They are also asking the government to spend an extra£6bn on education. However, teachers leaders said they would only consider the change in working conditions if they were given a 50% pay increase.
Under the LGA plan, the five weeks cut from holidays would be used for in-service training, staff meetings, parents evenings and lesson preparation, meaning teachers would not have to work such long hours.
Members of the LGA last week met David Blunkett, the education secretary, to discuss ways of raising standards. They believe their proposals will strengthen the argument for more cash from the Treasury.

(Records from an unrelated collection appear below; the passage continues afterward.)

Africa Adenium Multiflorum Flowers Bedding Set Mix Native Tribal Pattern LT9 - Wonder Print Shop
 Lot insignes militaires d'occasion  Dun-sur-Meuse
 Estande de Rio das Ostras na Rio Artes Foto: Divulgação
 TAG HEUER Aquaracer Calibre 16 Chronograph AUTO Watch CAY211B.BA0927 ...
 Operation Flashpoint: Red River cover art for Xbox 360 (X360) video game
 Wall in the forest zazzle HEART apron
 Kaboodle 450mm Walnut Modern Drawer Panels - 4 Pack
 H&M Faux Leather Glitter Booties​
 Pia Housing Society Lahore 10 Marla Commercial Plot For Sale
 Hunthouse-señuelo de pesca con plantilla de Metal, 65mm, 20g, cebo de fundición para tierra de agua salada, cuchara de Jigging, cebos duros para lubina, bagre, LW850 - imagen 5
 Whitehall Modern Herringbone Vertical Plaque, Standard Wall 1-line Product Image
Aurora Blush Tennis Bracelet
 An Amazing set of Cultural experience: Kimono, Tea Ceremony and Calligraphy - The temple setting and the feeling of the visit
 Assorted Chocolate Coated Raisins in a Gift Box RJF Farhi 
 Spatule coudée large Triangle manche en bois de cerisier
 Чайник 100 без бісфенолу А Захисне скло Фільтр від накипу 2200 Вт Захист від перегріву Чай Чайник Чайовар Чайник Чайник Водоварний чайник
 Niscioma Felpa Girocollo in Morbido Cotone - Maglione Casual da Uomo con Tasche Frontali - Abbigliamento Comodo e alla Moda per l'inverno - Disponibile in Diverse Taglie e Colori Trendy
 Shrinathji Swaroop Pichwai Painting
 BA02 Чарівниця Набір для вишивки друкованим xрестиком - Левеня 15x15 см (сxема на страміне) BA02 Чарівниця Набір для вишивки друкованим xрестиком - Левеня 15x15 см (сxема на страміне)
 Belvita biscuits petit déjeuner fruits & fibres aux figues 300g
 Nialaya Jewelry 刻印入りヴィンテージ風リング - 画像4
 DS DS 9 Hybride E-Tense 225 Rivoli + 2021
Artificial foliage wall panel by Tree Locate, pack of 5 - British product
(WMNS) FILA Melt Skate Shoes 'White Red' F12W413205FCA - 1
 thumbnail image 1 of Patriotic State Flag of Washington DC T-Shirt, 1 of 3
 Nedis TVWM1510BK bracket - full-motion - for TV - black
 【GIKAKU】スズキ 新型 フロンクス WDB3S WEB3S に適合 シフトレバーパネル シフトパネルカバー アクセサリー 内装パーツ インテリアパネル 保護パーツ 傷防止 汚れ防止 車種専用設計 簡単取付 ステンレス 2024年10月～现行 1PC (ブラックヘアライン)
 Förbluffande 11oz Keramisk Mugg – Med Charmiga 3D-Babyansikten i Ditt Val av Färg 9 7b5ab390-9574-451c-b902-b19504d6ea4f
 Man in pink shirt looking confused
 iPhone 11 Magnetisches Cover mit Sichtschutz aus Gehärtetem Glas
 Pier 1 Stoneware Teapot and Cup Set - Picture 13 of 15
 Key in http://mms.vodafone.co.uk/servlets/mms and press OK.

He added: 'If local education authorities are to drive up standards in schools the government must be prepared to spend money. Proper rewards and better conditions of work for teachers, in return for a modernised contract for employees and cutting class sizes, are the main ways we can attract high-quality people into the service and also retain good teachers already working in the profession.'
However, Nigel de Gruchy, general secretary of the National Association of School Teachers Union of Women Teachers, said: 'We are not going to contemplate this kind of thing unless there is a massive pay rise in the region of 50%.'
Meanwhile, The Financial Times (p9) reports that LEAs are threatening to cut school budgets if ministers press ahead with plans to expand the principle of grant-maintained status and hand over the purse strings to headteachers.
Stephen Byers, the school standards mnister, last month unveiled plans to let every school have a bank account, a cheque book and the right to accrue interest. This would hold schools' traditional funds, as well as extra funds - transferred from LEAs - to pay for a range of services currently carried out by local authorities, including school meals, pay roll, libraries and routine maintenance.
But Mr Lane has dismissed the plans as 'a piece of financial nonsense'. He said it would encourage schools to 'hoard' money and so add to the bank of 'unspent money' that headteachers have accumluated since state schools were first given control of 85% of their budgets ten years ago.
He also said that any interest made by the schools would be cancelled out by bank charges. LEAs, meanwhile would each lose out by at least£2m - the amount earned by investing schools' money on the stockmarket. 'This is assumed income and if we lose it then we will have no choice but to cut schools' money.'
The LEAs only want schools to have 'notional bank accounts' which cannot make interest. He said the amount of interest schools could earn would be 'chicken feed' compared to the amount LEAs regularly make each year.